**Your objective**
Which lines run from the one containing "Aiotechnical.com Health Review" through the end of the entries? Restate them word for word, and only those.

**Information given**
[Start of Attachment]

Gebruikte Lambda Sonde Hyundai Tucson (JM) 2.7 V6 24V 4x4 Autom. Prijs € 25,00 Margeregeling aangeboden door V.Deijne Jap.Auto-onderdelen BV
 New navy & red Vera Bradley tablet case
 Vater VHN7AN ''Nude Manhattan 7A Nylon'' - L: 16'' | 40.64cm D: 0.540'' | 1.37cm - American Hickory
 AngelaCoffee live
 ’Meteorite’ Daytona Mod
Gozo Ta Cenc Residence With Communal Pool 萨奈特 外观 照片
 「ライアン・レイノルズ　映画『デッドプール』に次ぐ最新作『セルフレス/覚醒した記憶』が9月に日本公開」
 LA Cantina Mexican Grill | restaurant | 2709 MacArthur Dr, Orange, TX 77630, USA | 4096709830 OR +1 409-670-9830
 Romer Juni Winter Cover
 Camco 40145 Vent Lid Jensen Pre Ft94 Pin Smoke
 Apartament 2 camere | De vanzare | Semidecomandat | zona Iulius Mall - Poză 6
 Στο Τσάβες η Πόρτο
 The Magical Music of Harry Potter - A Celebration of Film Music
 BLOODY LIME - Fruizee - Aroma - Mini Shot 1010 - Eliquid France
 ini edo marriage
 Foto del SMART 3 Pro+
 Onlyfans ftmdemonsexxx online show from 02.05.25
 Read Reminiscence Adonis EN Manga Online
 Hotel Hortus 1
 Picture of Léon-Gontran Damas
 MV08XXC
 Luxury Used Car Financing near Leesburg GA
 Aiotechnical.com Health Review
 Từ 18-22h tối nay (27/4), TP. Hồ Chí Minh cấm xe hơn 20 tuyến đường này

[End of Attachment]

**Solution to the problem**
 Aiotechnical.com Health Review
 Từ 18-22h tối nay (27/4), TP. Hồ Chí Minh cấm xe hơn 20 tuyến đường này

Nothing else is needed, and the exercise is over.